_Your task:_ Repeat the lines below exactly as written, please, from the line with "IMPIANA VILLA @TAMAN TUANKU JAAFAR" to the line with "Mohelnice-Kostelní náměstí-toskánský sloup", both lines included, and no others.
··· Records to process
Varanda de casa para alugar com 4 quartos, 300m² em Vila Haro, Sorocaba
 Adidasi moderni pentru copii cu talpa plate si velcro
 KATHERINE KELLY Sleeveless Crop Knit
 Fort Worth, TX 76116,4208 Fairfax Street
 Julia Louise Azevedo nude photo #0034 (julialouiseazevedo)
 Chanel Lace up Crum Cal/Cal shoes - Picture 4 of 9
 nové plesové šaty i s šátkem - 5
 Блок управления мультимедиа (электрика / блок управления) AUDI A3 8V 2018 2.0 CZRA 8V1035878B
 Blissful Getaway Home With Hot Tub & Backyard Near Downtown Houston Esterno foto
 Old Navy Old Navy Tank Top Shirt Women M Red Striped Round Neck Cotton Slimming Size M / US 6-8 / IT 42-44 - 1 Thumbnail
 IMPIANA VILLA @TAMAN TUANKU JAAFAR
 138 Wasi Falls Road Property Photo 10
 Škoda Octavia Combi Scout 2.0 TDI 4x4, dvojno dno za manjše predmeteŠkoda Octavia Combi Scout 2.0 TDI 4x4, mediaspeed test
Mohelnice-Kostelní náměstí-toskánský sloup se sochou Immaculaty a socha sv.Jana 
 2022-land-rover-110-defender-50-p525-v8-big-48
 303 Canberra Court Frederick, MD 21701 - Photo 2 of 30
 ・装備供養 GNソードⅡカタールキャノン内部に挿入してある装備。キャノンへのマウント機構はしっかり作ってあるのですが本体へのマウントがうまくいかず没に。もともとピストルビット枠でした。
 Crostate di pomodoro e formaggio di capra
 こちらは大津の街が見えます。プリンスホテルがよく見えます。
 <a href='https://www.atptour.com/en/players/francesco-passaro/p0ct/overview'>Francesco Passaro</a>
······
_Response to the task:_
 IMPIANA VILLA @TAMAN TUANKU JAAFAR
 138 Wasi Falls Road Property Photo 10
 Škoda Octavia Combi Scout 2.0 TDI 4x4, dvojno dno za manjše predmeteŠkoda Octavia Combi Scout 2.0 TDI 4x4, mediaspeed test
Mohelnice-Kostelní náměstí-toskánský sloup se sochou Immaculaty a socha sv.Jana 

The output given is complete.